El otro día me sorprendió una lágrima que cayó de mi rostro tras deslizarse con sigilo por mis mofletes. Me impactó, solo estaba cortando un soso apio y oyendo a Millás en la radio. Hasta ese momento estaba convencido de que las lágrimas eran anunciadas con solemnidad como embajadoras del exótico reino de las emociones. Incluso hasta las gotas de sudor se ven venir tras cualquier vulgar sesión de gimnasio. No me esperaba esa traición de mis lágrimas. Me han decepcionado como ya hizo la saliva con aquel primer hilillo por mi comisura que me convertía en un monigote como Homer Simpson.

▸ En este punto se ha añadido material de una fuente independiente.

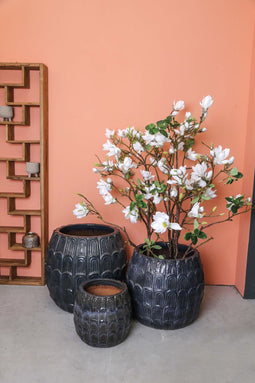 PTMD Robby Ronde Bloempot - H66 x Ø70 cm - Keramiek - Blauw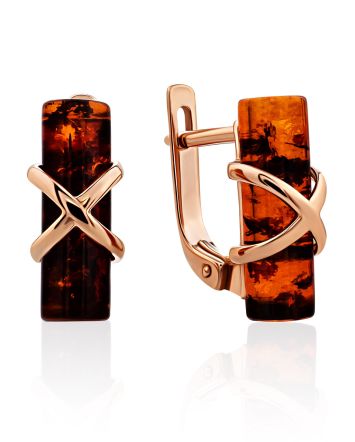 Gold Plated Silver Earrings With Natural Amber Stones The Scandinavia, image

No sé si los humanos somos todo agua, como decía Tales. Quizás seamos todo estupidez, si observamos el triste espectáculo de insultos y arañazos morales por rapiñar unos supuestos votos feministas. Una diputada de Podemos llama “fascistas” a sus compañeras del PSOE. Días antes, el equipo de Montero sobrevolaba desde ‘tik-tok’ el cadáver aún caliente de un adolescente que se había suicidado. “Se llamaba Iván” repetían con música de fondo. A los pocos días, Iván y también Alana, dejan de cotizar en el mercado electoral. Y la Pam agita digitalmente su ‘satisfyer’ como “arma para matar fascistas”. Que los reparta entre las mujeres ucranianas que se defienden de Putin. A Ucrania vuelve la valiente reportera de Tele 5 Laura de Chiclana. Qué absurda pena que nos gobierne Montero y no esta ejemplar periodista.
Así, es normal que las lágrimas tengan su vida propia y quieran salir huyendo. Si formaran un torrente, aprovecharía para embarcarme en el velero de Vicent y junto a Antoñito navegaría hasta Mileto para beber un vino joven frente al mar mientras observamos cómo la estupidez destruye la humanidad.